There are no predetermined discussion topics or limitations for one-on-one meetings, but mentor and mentee can decide what topics are covered in meetings. All the participants are, however, provided with Mentoring Toolkit that includes guidelines and instructions to help in planning the partnership.
– It’s not a one-way process, it’s for both. Both are responsible for the meetings, both are responsible of driving the meeting and driving the goals. Of course, the mentee is responsible for establishing what he or she wants to gain, but it’s both way responsibility. We are equal in a relationship, we have equal responsibilities to drive towards goals. That’s important to keep in mind, Parkkamäki reminds.
International talents – unused resource
For mentors and also for corporate partners, EntryPoint is also a chance to evaluate and improve their cross-cultural communication and management skills. It gives companies an opportunity to interact and learn from talents with different cultural backgrounds.
– On a big picture, I realized how much potential we are wasting as a country. Talking with Burak, with his broad experience in education, academically and working experience, I realized that we are wasting a lot of potential. We should see international talents as a valuable thing and now we’re not doing it, Parkkamäki states.
– In a way, I have also learned to be open to new ideas. Burak has had many good business ideas, and that made me realise that I think too linear and I need to start rethink. The world is changing so rapidly around me. That has been a big lesson for me.

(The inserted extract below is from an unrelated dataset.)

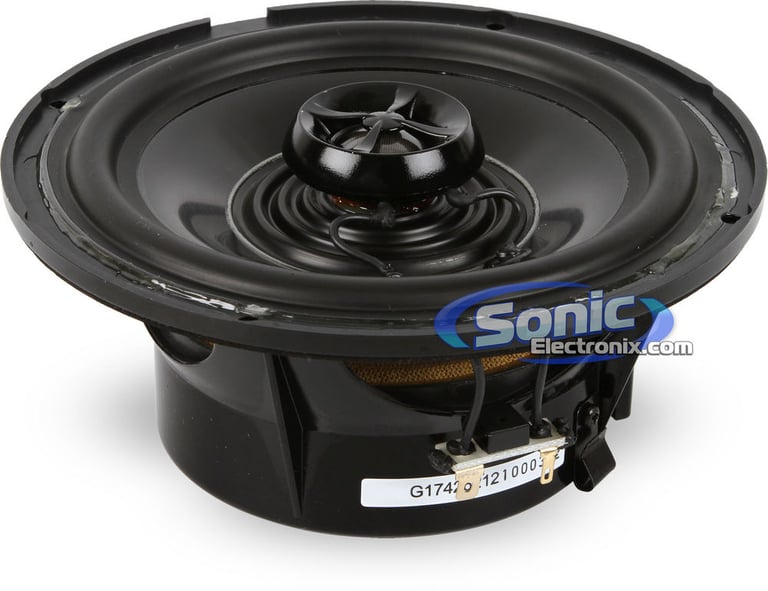 MTX TM6502-B (Black Version) Image 4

For mentees, the programme gives an opportunity to learn about Finnish working life and improve for example job seeking skills. Programme is also a way to expand networks and get valuable advice on career planning.

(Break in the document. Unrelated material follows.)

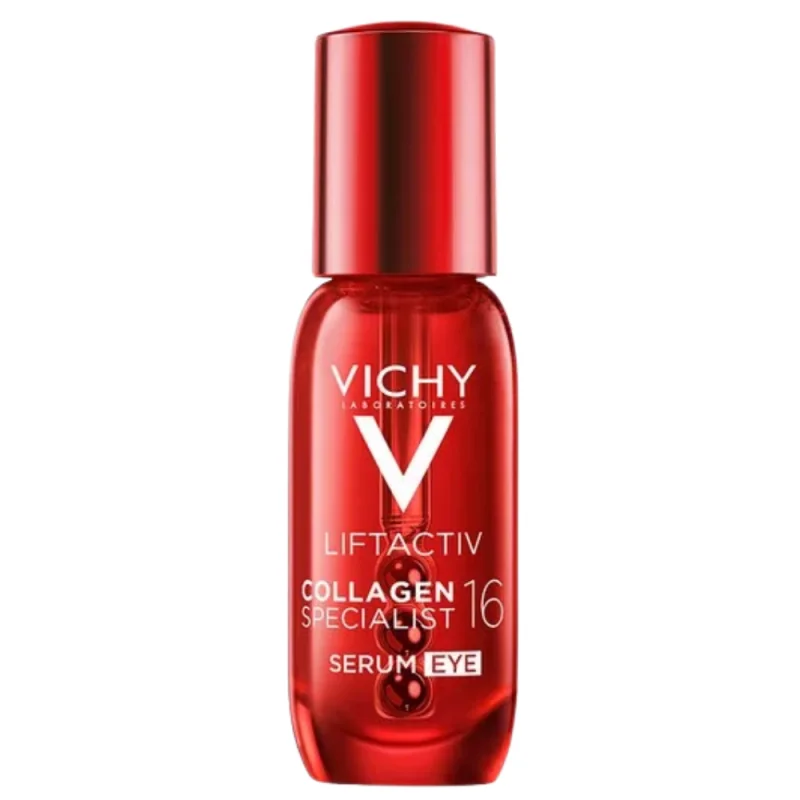 Vichy LiftActiv Collagen Specialist 16 Sérum Yeux 15 ml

– The programme has benefitted me by meeting with Jukka and other people here. I have already done some things in my life, I have the education, the work experience. But to know how to mix this and put it into CV or how to present yourself. It’s like I have the ingredients to cook something and I was doing an omelette and then Jukka told me that this is a 5-star chef’s dish and how to do it, Erkan pictures the benefits of the programme.

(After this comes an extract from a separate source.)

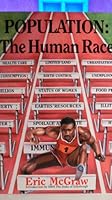 Population: The Human Race 1852190329 Book Cover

Commit some time – and you will be a lot richer
Participating to EntryPoint is free of charge to all participants and corporate partners. However, certain time commitment is required from mentors and mentees.
– As a mentor when you sign up it’s a commitment you need to do. Everybody’s busy but you need to commit to the time, it’s important. I hope we continue outside this official program, because in the end the key thing is to get to know the people, to connect, and change ideas and learn from each other, Parkkamäki tells.
– I encourage people to join these types of programmes. Working culture is open for these kind of things, and it’s easy to establish a mentor-mentee relationship, because there is no hierarchy in that sense.